By Anika Khubchandani
LOS ANGELES – The LA Times Editorial Board believes the “next wave of reinvention may come from Los Angeles County.” And George Gascón is the DA to do it.
And Tuesday, the Times officially endorsed George Gascón for district attorney in Los Angeles County against incumbent Jackie Lacey, sharing that he is the “candidate most capable of bringing positive change.”
The Times cited the Prison Policy Initiative, which notes the U.S. “locks up more people per capita than any other nation, at the staggering rate of 698 per 100,000 residents.” About 2.3 million people in America live behind bars.
The Times noted that no doubt the American criminal justice system is fundamentally flawed. As a result, many organizations and institutions in and out of the criminal justice system have taken the time to reevaluate and renovate their policies over the last several decades.
Some improvements have been made, but the U.S. as a whole still has a long way to go.

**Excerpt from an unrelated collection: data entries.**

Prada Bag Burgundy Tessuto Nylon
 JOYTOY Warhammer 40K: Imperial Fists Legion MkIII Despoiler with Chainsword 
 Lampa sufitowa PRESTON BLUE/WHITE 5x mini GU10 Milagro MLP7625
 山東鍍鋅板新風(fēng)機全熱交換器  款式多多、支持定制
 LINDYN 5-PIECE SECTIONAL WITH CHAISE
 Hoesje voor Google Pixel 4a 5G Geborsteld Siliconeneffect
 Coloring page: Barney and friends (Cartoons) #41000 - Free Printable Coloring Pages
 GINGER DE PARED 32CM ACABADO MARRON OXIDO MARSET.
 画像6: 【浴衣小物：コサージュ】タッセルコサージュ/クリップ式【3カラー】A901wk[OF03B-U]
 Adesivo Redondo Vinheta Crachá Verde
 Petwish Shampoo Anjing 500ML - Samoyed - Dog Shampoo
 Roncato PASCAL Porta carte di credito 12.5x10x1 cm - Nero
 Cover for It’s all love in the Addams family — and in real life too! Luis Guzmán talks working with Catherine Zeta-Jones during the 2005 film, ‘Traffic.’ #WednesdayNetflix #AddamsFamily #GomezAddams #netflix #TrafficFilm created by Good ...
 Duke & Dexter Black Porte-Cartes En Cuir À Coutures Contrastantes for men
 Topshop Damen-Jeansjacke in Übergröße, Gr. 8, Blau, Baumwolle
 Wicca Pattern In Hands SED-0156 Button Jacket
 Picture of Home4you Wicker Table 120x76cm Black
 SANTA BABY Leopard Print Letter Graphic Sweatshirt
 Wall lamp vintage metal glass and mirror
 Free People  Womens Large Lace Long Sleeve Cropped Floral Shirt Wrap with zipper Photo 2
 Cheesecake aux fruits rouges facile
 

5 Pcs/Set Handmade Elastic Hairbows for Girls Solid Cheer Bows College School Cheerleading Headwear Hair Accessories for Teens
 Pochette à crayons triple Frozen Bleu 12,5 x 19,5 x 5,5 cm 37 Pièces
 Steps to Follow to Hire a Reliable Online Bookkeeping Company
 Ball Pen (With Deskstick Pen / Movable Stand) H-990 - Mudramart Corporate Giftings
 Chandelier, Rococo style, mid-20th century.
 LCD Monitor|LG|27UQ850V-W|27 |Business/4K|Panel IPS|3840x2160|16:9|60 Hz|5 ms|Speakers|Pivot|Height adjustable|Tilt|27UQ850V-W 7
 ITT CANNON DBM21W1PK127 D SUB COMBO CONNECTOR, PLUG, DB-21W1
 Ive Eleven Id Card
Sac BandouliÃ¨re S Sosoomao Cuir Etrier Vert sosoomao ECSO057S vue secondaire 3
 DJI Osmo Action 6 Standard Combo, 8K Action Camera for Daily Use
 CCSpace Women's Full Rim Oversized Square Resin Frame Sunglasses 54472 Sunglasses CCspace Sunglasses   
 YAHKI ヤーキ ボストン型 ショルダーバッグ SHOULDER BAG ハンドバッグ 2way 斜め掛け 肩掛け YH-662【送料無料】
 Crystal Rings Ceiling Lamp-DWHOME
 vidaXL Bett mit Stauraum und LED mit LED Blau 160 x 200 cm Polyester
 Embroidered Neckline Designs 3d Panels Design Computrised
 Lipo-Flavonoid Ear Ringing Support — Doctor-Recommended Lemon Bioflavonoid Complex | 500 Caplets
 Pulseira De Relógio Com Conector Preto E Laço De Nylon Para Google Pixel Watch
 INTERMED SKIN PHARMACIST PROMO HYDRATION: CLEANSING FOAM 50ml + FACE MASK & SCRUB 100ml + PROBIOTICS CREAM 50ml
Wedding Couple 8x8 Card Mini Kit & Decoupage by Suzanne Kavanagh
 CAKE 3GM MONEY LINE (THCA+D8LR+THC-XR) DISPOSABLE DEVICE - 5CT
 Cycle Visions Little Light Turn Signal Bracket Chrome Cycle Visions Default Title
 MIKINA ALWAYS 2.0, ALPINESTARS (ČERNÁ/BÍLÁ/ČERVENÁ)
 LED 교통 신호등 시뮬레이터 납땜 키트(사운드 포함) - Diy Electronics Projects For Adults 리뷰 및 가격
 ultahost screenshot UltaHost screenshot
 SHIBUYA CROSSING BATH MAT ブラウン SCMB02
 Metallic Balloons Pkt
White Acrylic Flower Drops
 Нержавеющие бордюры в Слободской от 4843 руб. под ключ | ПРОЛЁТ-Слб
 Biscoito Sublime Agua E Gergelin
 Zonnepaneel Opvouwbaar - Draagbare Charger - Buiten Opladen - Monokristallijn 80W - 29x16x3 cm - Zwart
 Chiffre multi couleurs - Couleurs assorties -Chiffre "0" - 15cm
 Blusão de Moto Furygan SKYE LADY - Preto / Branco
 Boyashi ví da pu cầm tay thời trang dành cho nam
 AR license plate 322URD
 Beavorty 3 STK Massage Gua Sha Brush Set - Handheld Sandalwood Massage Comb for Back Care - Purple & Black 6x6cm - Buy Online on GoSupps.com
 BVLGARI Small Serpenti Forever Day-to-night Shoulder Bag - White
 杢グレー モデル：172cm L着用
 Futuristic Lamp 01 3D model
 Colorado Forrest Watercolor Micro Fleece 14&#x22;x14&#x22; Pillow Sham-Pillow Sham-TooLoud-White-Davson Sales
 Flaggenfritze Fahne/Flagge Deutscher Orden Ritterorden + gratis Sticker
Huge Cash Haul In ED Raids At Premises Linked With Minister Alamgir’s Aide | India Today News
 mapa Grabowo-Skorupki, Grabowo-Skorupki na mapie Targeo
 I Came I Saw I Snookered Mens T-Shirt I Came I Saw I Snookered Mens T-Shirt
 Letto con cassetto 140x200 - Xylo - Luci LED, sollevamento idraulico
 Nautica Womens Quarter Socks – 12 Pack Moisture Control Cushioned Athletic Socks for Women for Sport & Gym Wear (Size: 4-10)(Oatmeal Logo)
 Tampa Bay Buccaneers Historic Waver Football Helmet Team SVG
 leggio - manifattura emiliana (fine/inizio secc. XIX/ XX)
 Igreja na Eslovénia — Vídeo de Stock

The editorial continued, maintaining that ever since the police killing of George Floyd on May 25, 2020 in Minneapolis, Minnesota, the U.S. has been forced to recognize the blatant racial injustice interwoven into American police practices. Police departments across the nation have taken steps to address and fix the racial disparities people of color face in America in response.
The Times said although Jackie Lacey has utilized her influential role as California’s “most powerful prosecutor to lobby for improvement…of criminal law” and “made history by becoming the first woman and the first African American district attorney elected” in LA county, the enactment of her reforms has been slow.
In addition, the editorial board said, she has publicly opposed many new initiatives that could have positively reformed the criminal justice system by instead relying on the “older, lower standard.” For example, she has failed to “prosecute police officers for killings,” most notably LAPD Officer Clifford Proctor who was responsible for murdering Brendon K. Glenn, a 29-year-old Black man.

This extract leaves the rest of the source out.